Michael Koch wrote: [...]
You are right, its not always a gain. Tom Tromey told me that he is aware of one case where the native library is slower then interpreting the jar.
Doing (c) and fixing JIT runtimes can be good, but it ist a hard work too. The Kaffe people put much efforts into this. JIT works find on i386 but not at all on powerpc for them. Same mixture for all the other Debian archs. When Kaffe supports the BC-ABI too this will be huge gain after all as it is surely be faster then non-JITed bytecode.

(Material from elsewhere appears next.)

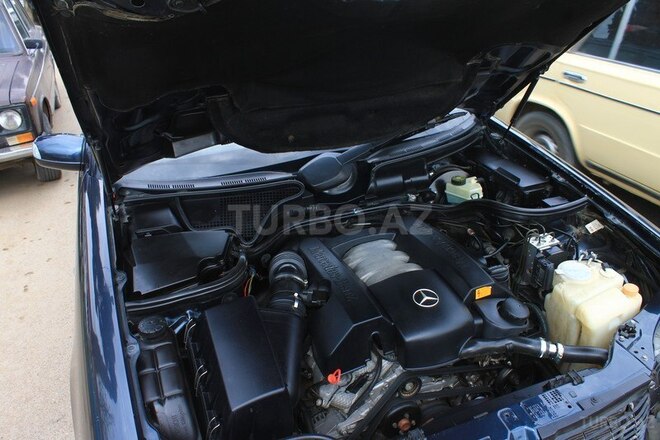 Mercedes E 240 1998, 210,000 km - 2.4 л - Tovuz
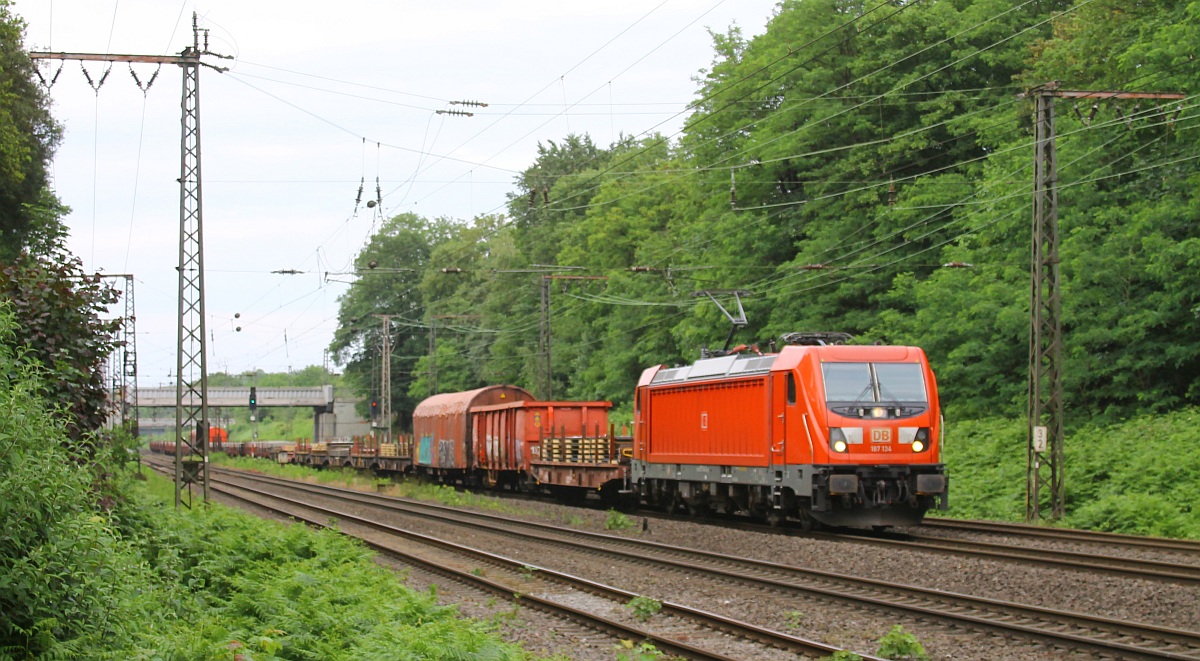DB 187 134 mit gemischtem Güterzug Abzw. Lothatstraße Duisburg 09.06.2022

The idea is make the code reuseable to other VMs can adopt it too.
We have now 3 possibilitiest:
1) compile all to native 2) compile a selected group of jars to native 3) dont compile to native at all and decide later
Are there any tests done in the past for the gain against jit or interpretative mode ?
Otherwise I think some testcases would be very good here:
How much gain does it bring for architectures (like i386) - where already a good jit implementation is available ?
How much gain does it bring for achitectures without a jit implementation ?
If there is quite a gain for architectures without a jit atm and maybe its also a long way until they have one - it would be worth to provide something in my opinion. Especially as these arches (non i386) are the one which are left alone by the commercial vm implementors.
This way we could also give recommendations to the users later. E.g. if you are on non-jit arch install the recommended -jbi (or whatever name will be choosen) packages.